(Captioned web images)
^^^^^^^^^^^^^^^^

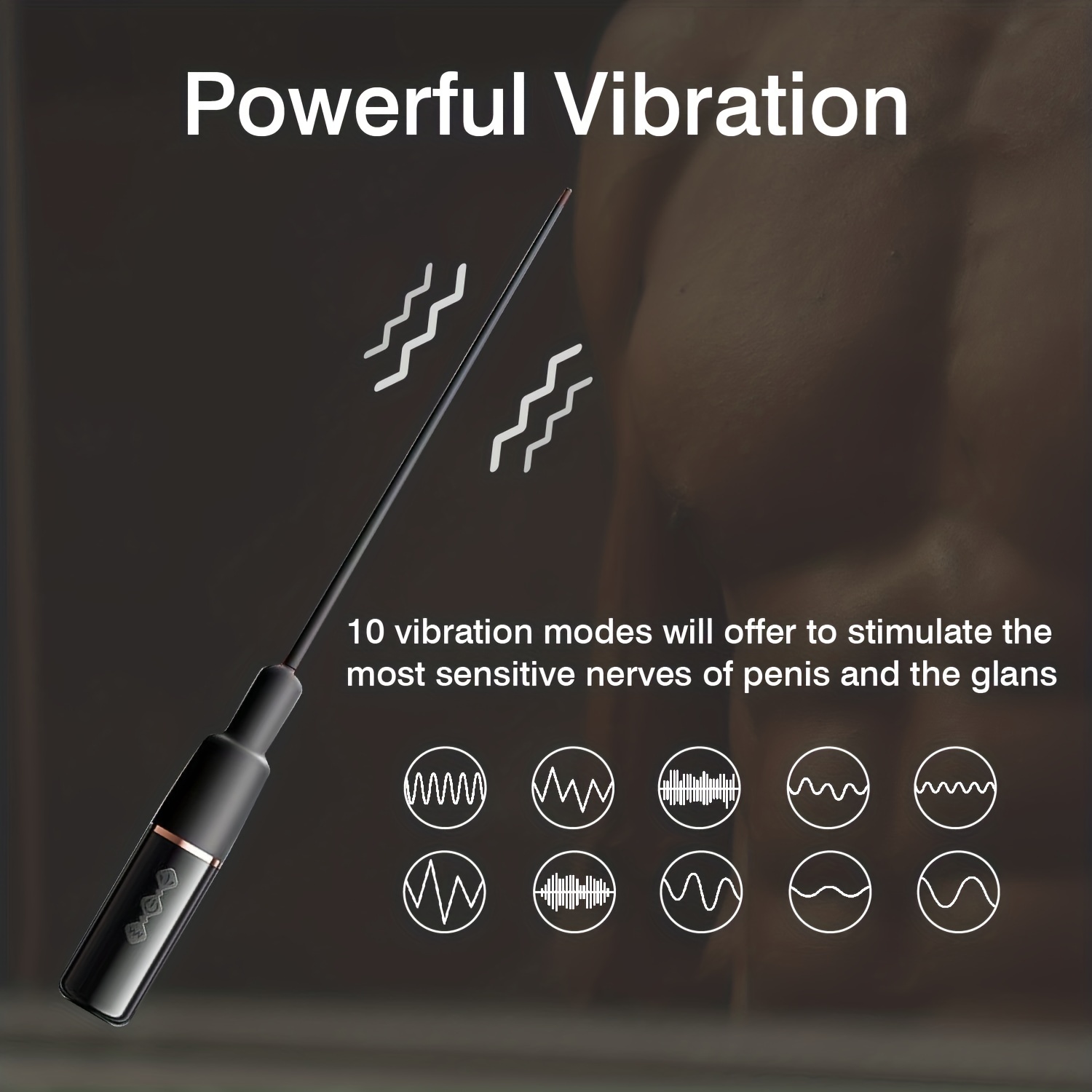 Silicone Urethral Vibrator with 10 Speed Settings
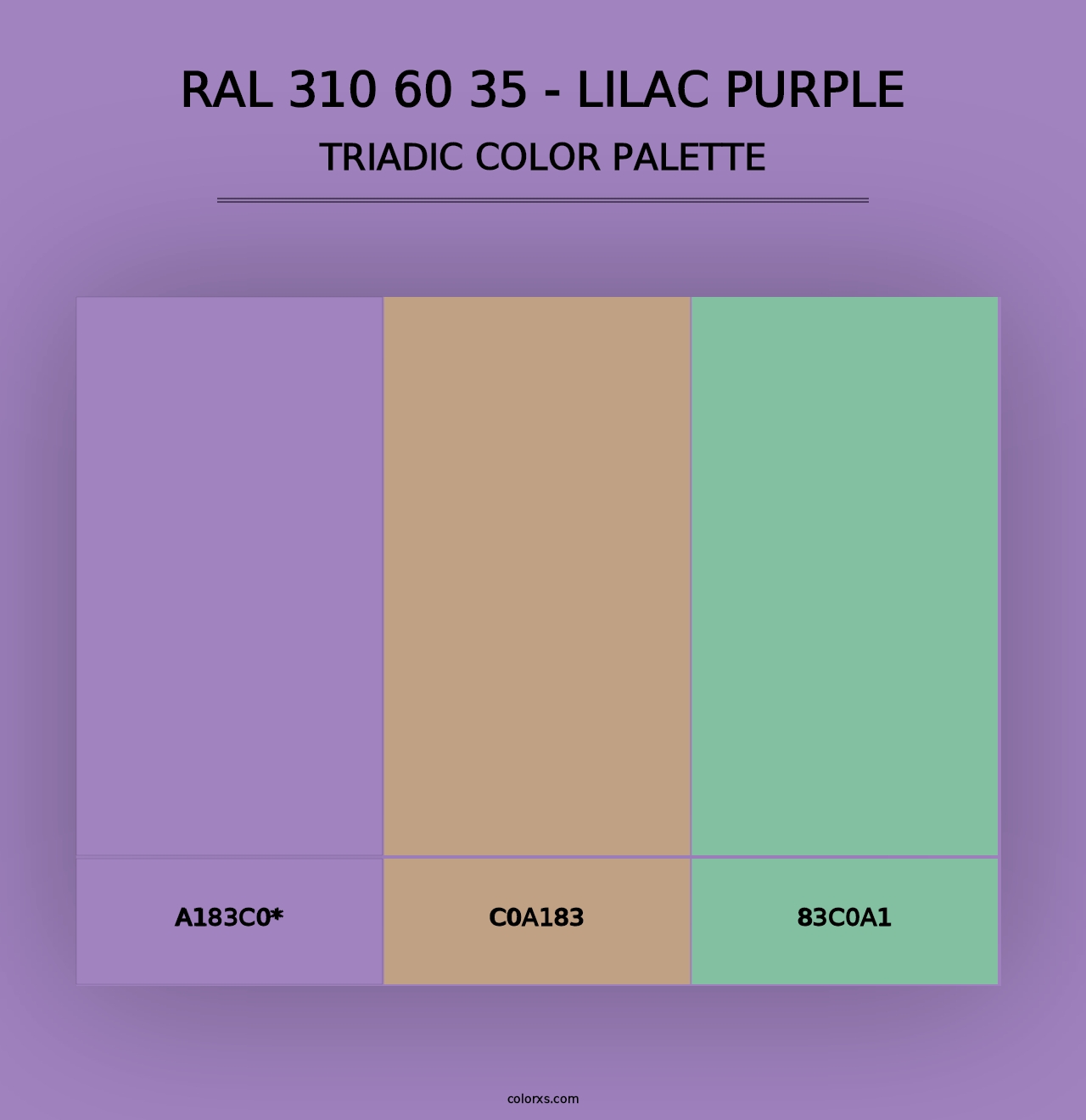 RAL 310 60 35 - Lilac Purple - Triadic Color Palette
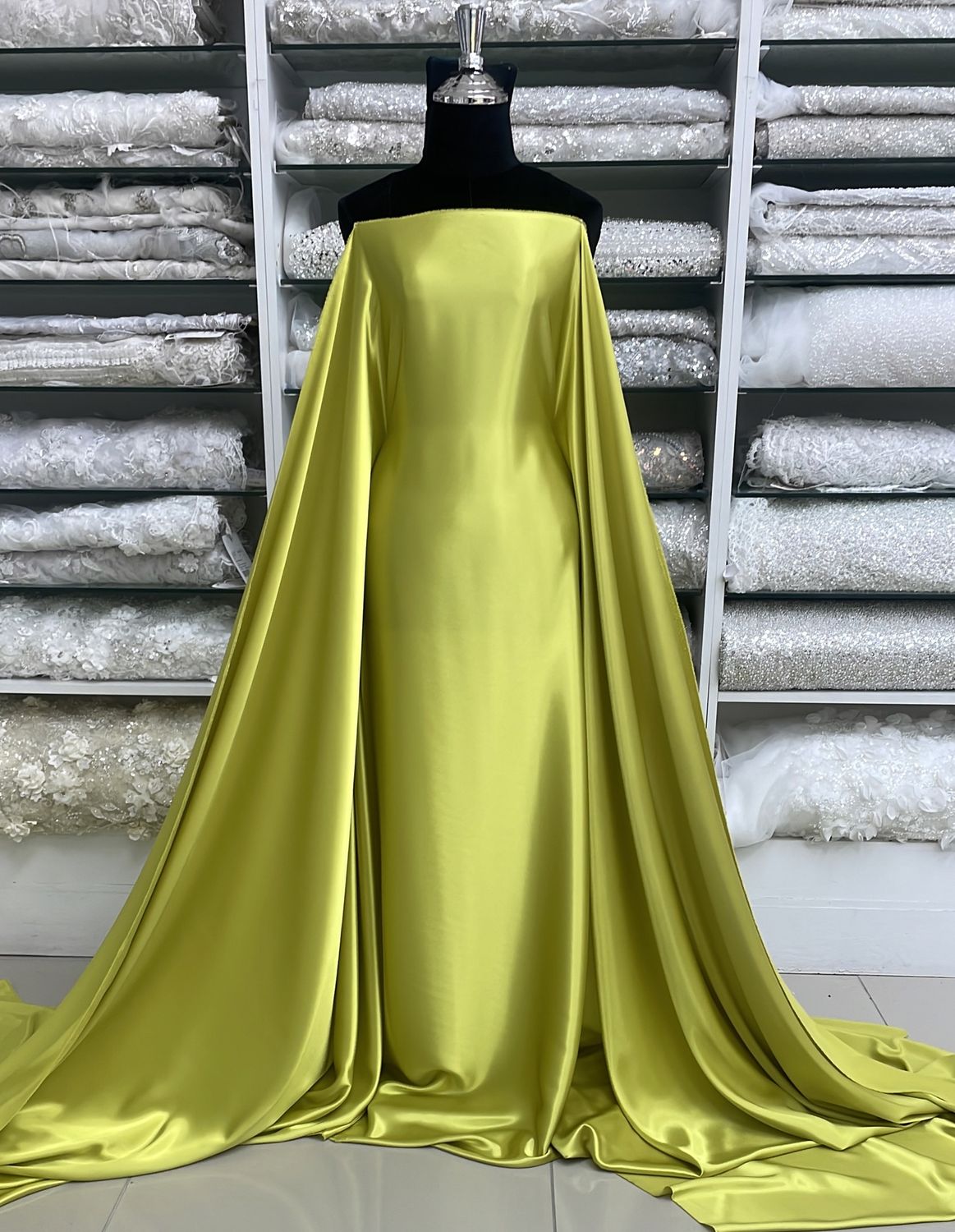 [ SRE-NO-47 ] Satin Royal Elegant 150w Lemon Lime per Meter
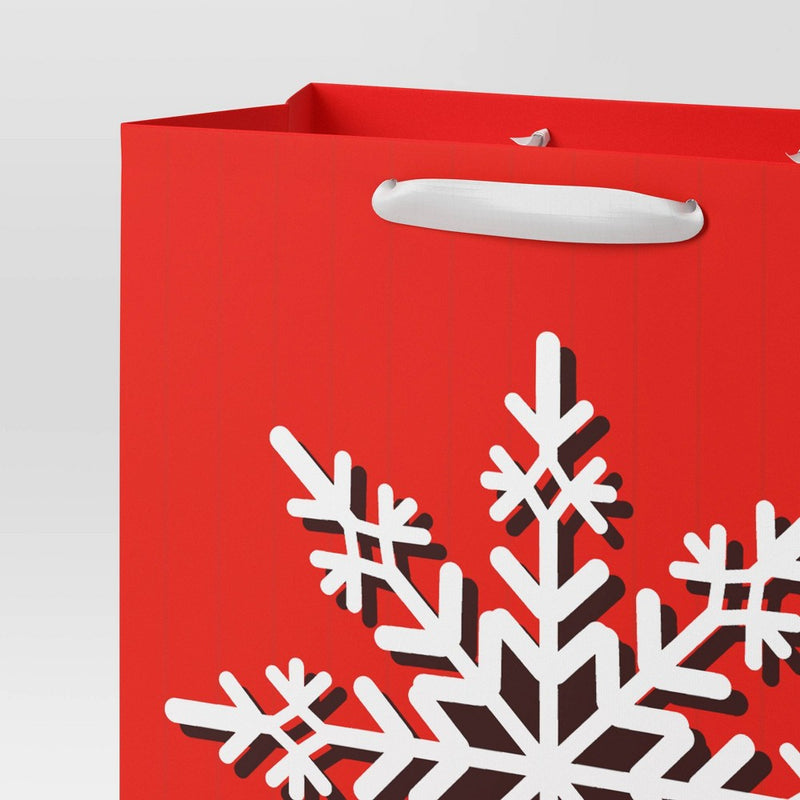 Large Cub Snowflake Christmas Gift Bag Red - Wondershop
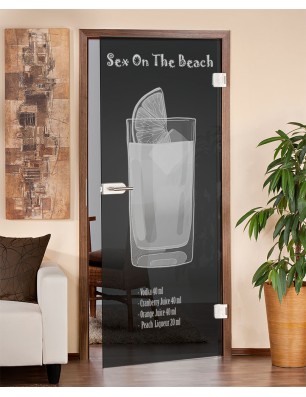 Ganzglastür Sex on the beach Gelasert Auf Grauglas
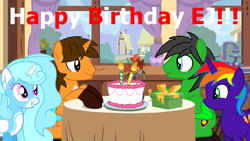 Size: 1920x1080 | Tagged: safe, artist:star-armour95, derpibooru import, oc, oc only, oc:ej, oc:jemimasparkle, oc:rainbow flower, oc:star armour, alicorn, pegasus, unicorn, g4, cake, chair, food, happy birthday, horn, present, sink, table, window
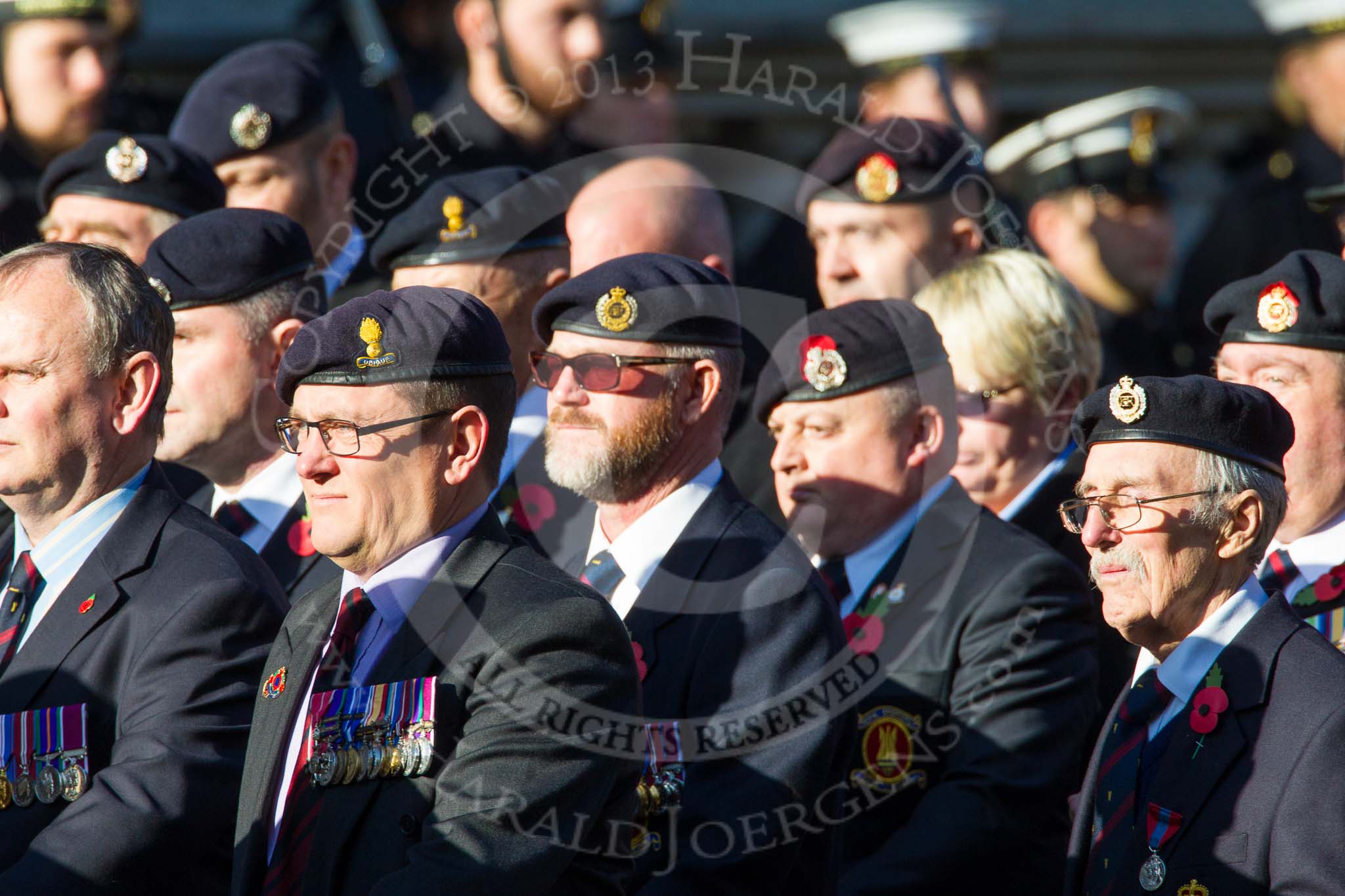 Remembrance Sunday at the Cenotaph in London 2014: Group B9 - Royal Engineers Bomb Disposal Association.
Press stand opposite the Foreign Office building, Whitehall, London SW1,
London,
Greater London,
United Kingdom,
on 09 November 2014 at 12:08, image #1581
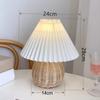 Table Lamp Bedside Nightstand Mini Lamp for Bedroom Living Room Side Table Rattan Pleated Aesthetic Vintage Lamp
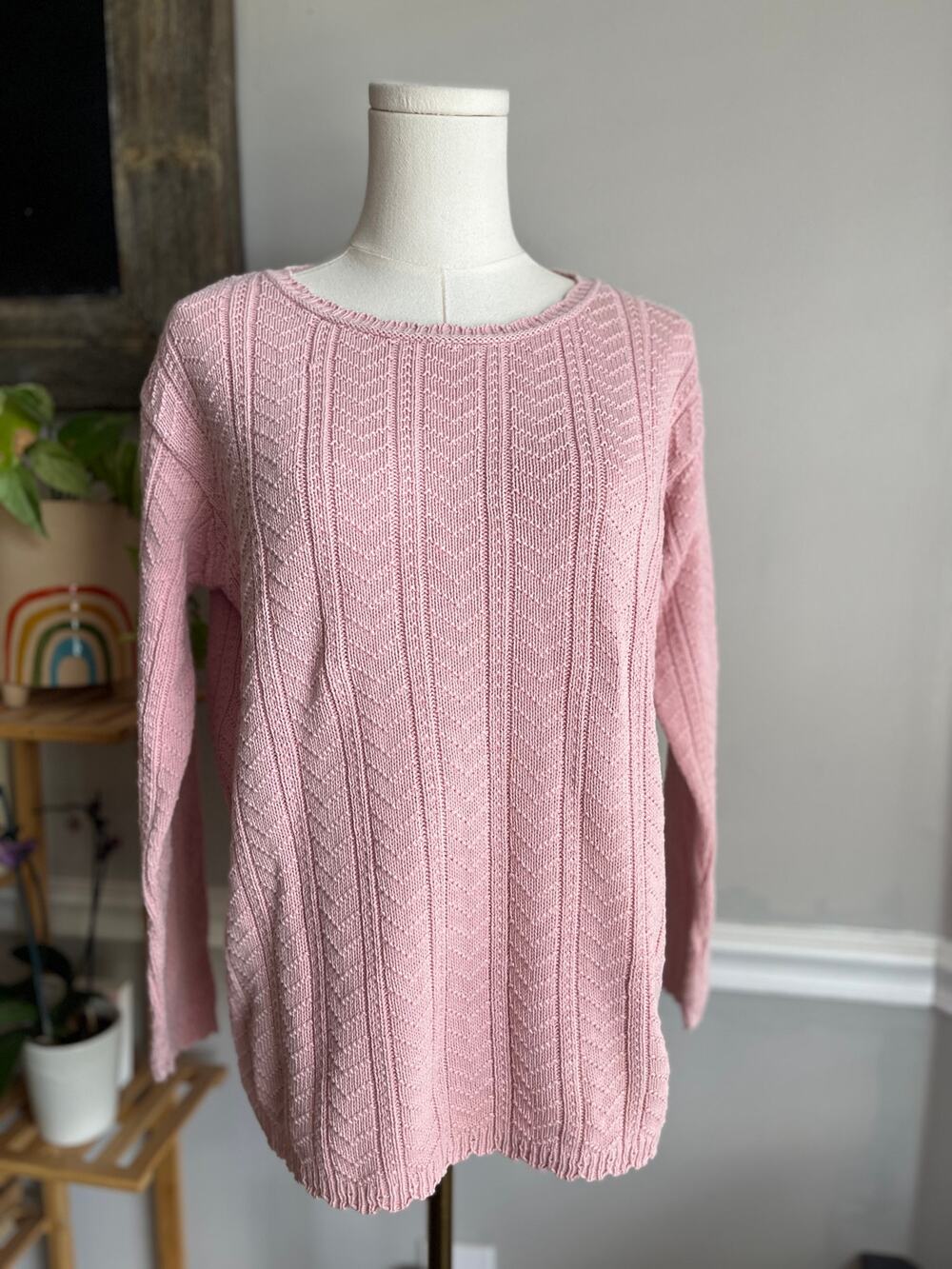 Vintage 90s Pink Cotton Sweater Vertical Stripes Size Small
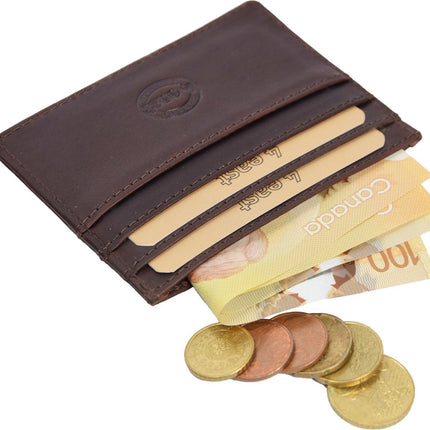 Leren Kaarthouder Mannen & Vrouwen – RFID Pasjeshouder 8 Kaarten – Anti-Skim Portemonnee – Creditcardhouder Unisex Leer
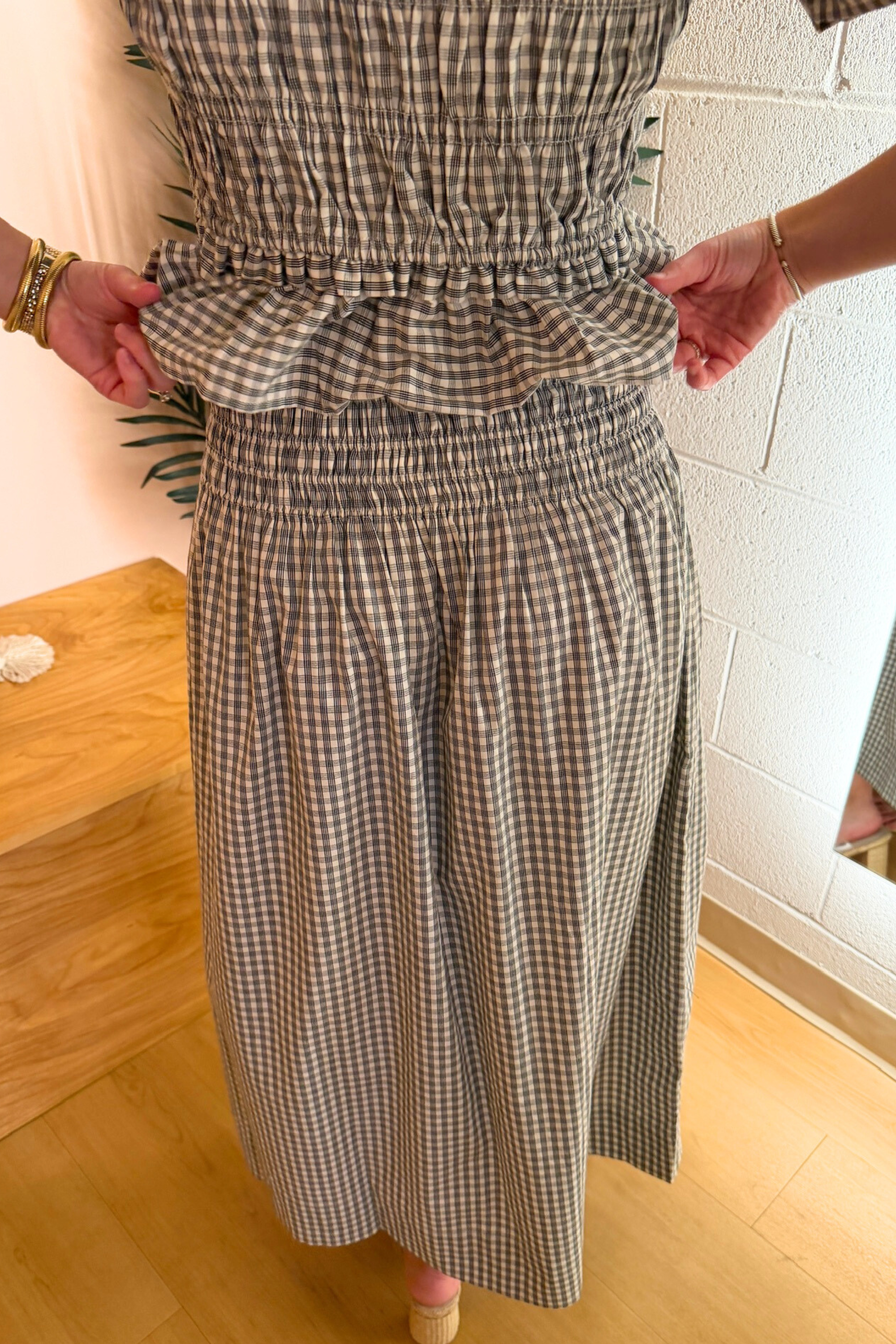 Aria Gingham Maxi Skirt - Black/Cream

^^^^^^^^^^^^^^^^

WHAT THE EXERCISE ASKS =
Beginning at the line above that contains "RAL 310 60 35", repeat each line exactly through the one that contains "Size: 1920x1080 |", and leave out the pictures.

TASK ANSWER =
 RAL 310 60 35 - Lilac Purple - Triadic Color Palette
 [ SRE-NO-47 ] Satin Royal Elegant 150w Lemon Lime per Meter
 Large Cub Snowflake Christmas Gift Bag Red - Wondershop
 Ganzglastür Sex on the beach Gelasert Auf Grauglas
 Size: 1920x1080 | Tagged: safe, artist:star-armour95, derpibooru import, oc, oc only, oc:ej, oc:jemimasparkle, oc:rainbow flower, oc:star armour, alicorn, pegasus, unicorn, g4, cake, chair, food, happy birthday, horn, present, sink, table, window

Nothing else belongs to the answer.